Shedding light on the initial growth of ZnO during plasma-enhanced atomic layer deposition on vapor-deposited polymer thin films

Abstract

Interest in atomic layer deposition (ALD) processes on polymer substrates is fueled by the increasing rise of organic electronics and polymer-based nanodevices. This study provides new insights into the initial growth and interface formation during plasma-enhanced ALD (PE-ALD) of ZnO on poly ethylene glycol dimethylacrylate (pEGDMA) and poly 2-hydroxyethyl methacrylate (pHEMA) thin films, both deposited by initiated chemical vapor deposition (iCVD).

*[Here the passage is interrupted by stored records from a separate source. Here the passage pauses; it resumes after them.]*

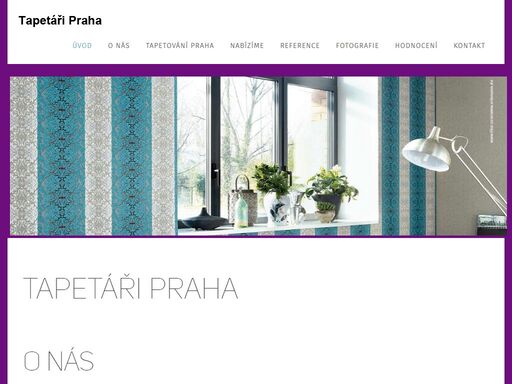 tapetování v praze a v okolí od specialisty s dlouholetou praxí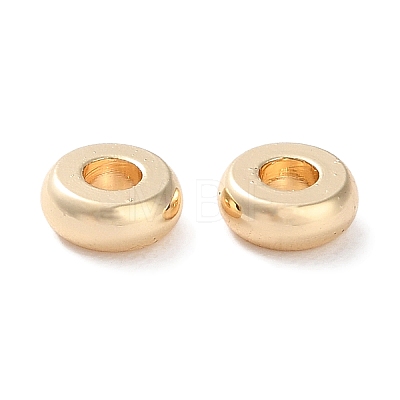 Rack Plating Brass Spacer Beads KK-F090-17LG-01-1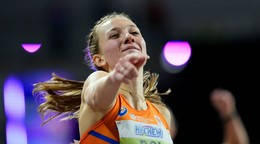 Holandská bežkyňa Femke Bolová.
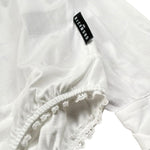 John Richmond Camicia Modello Body Tinta Unita per Bambina RGP26040CB BIANCO JOHN RICHMOND 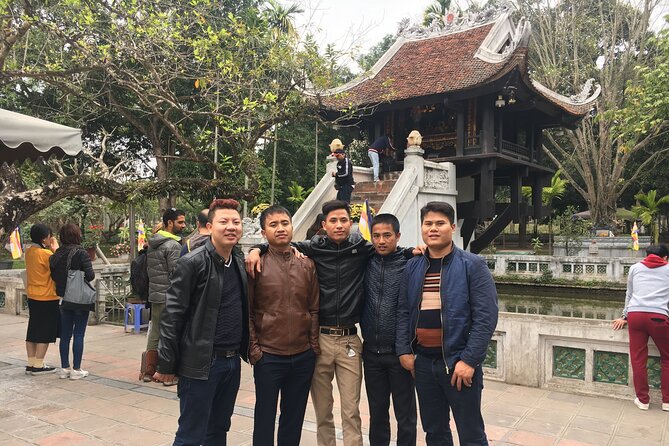 Hanoi Highlights: Full-Day City Tour With Lunch & Optional Extras - Tour Itinerary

In-situ spectroscopic ellipsometry showed that PE-ALD growth on the investigated polymers is a result of two competing processes: plasma etching of the polymer substrate and ZnO nucleation and growth. During the first 10–15 ALD cycles, polymer etching was found to prevail until at a certain point (depending on plasma power and type of polymer) ZnO growth takes over and the regime of linear ALD growth is entered. On pHEMA, though more sensitive to etching, ZnO film formation starts early on, whereas on pEGDMA, subsurface nucleation and island growth appear to dominate the initial stage of deposition. Despite the initial etching, resulting ZnO films are smooth and of comparable structural quality to those grown on silicon. These findings contribute to a deeper understanding of PE-ALD growth on polymers providing knowledge essential for the successful development of new processes and applications.